*Task description*.
Without including the pictures, copy out every line below.

*Caption-style text data*.
--------------------------------------------------
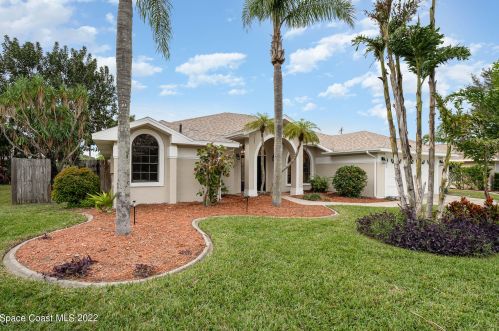 2085 Sykes Creek Dr, Merritt Island FL  32953-3066 exterior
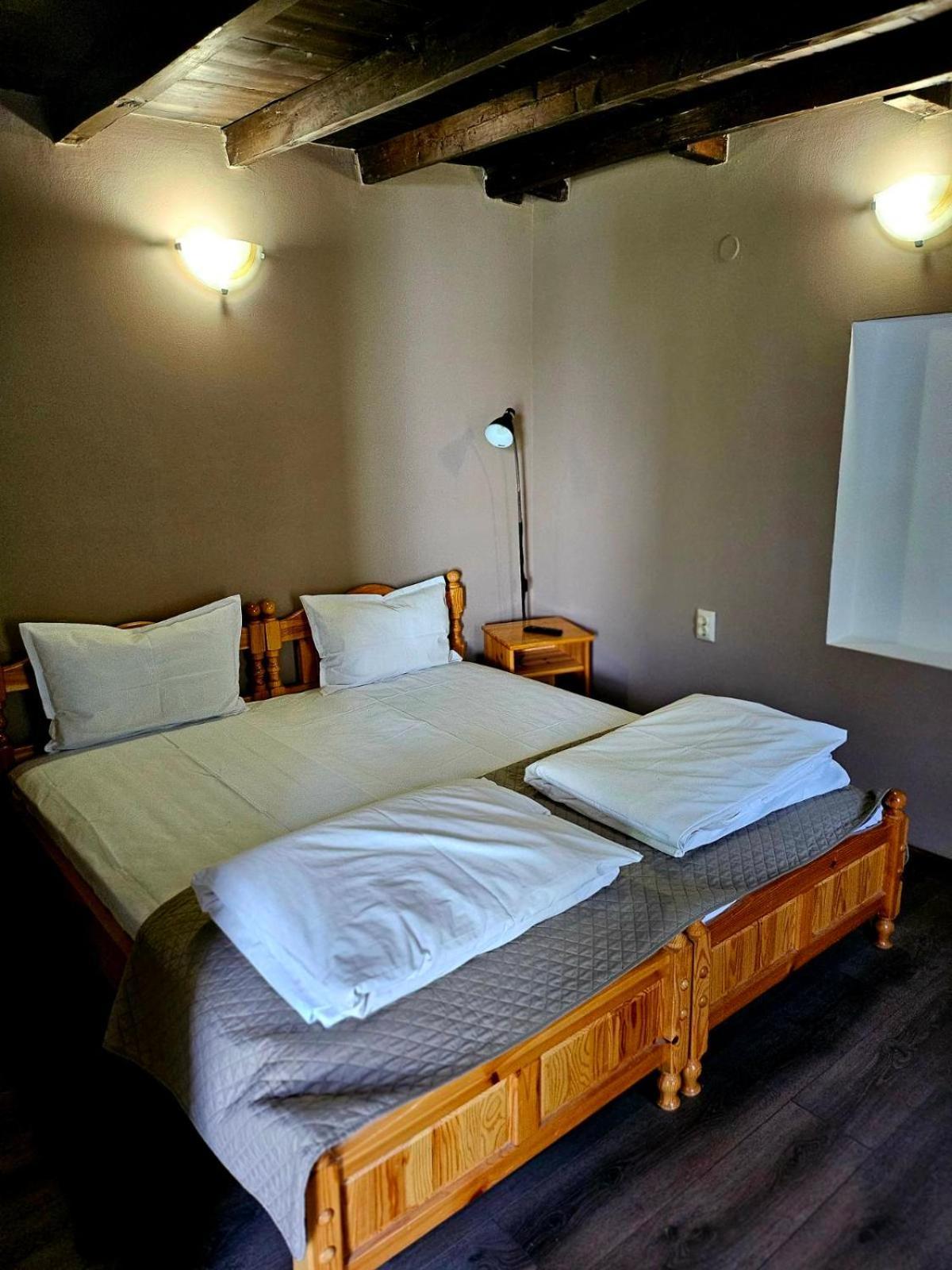 Orehite-Family Hotel ,Food & Pool Bozhichen Luaran gambar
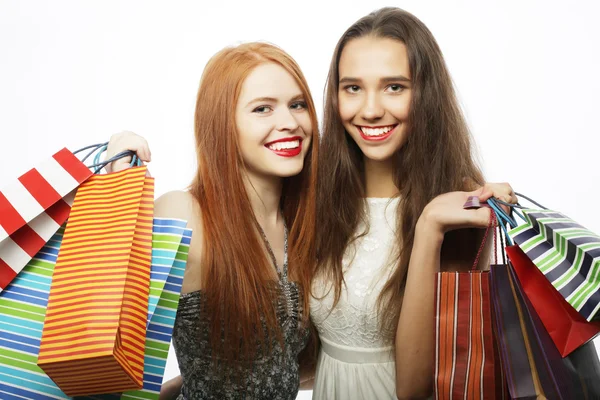 Portret van twee mooie jonge vrouwen met boodschappentassen — Stockfoto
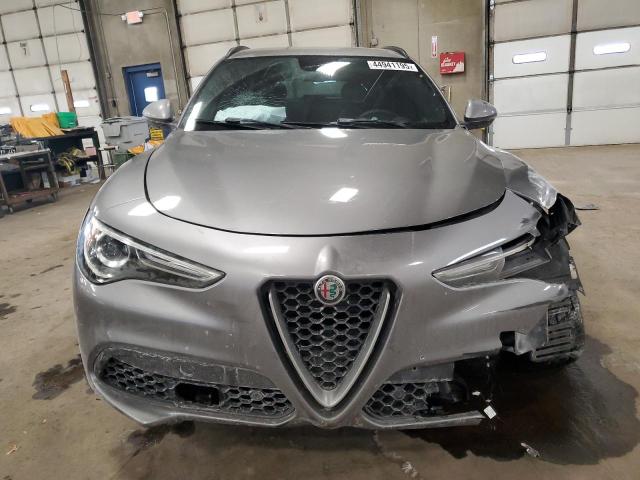 ZASFAKNN3J7B59506 - 2018 ALFA ROMEO STELVIO TI SPORT GRAY photo 5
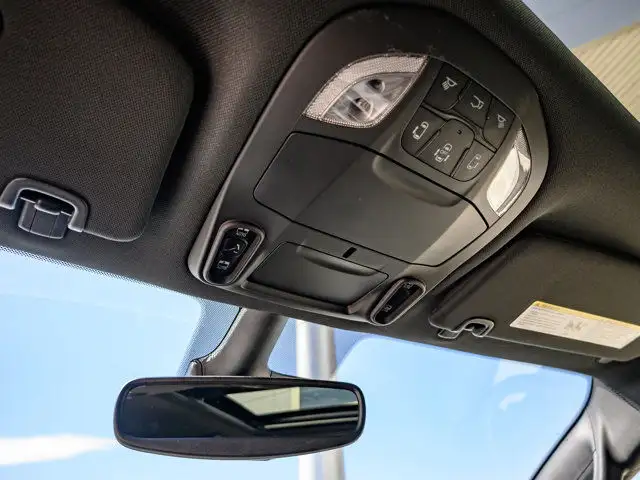 2025 Chrysler Pacifica Select in Cars & Trucks in Barrie - Image 37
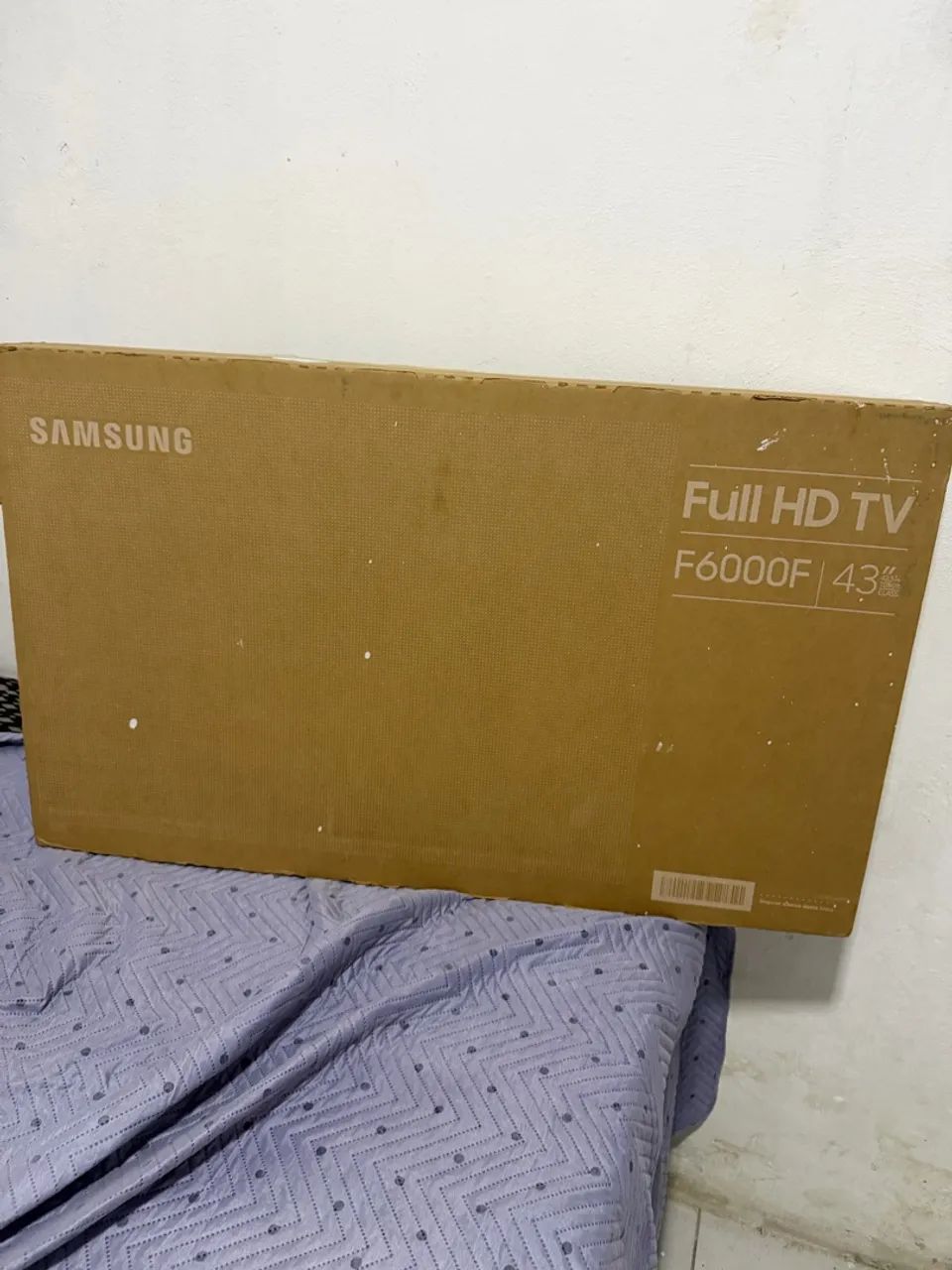 Tv Samsung 43 polegadas 1 ano de garantia.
--------------------------------------------------
*Output for this task*.
 2085 Sykes Creek Dr, Merritt Island FL  32953-3066 exterior
 Orehite-Family Hotel ,Food & Pool Bozhichen Luaran gambar
 Portret van twee mooie jonge vrouwen met boodschappentassen — Stockfoto
 ZASFAKNN3J7B59506 - 2018 ALFA ROMEO STELVIO TI SPORT GRAY photo 5
 2025 Chrysler Pacifica Select in Cars & Trucks in Barrie - Image 37
 Tv Samsung 43 polegadas 1 ano de garantia.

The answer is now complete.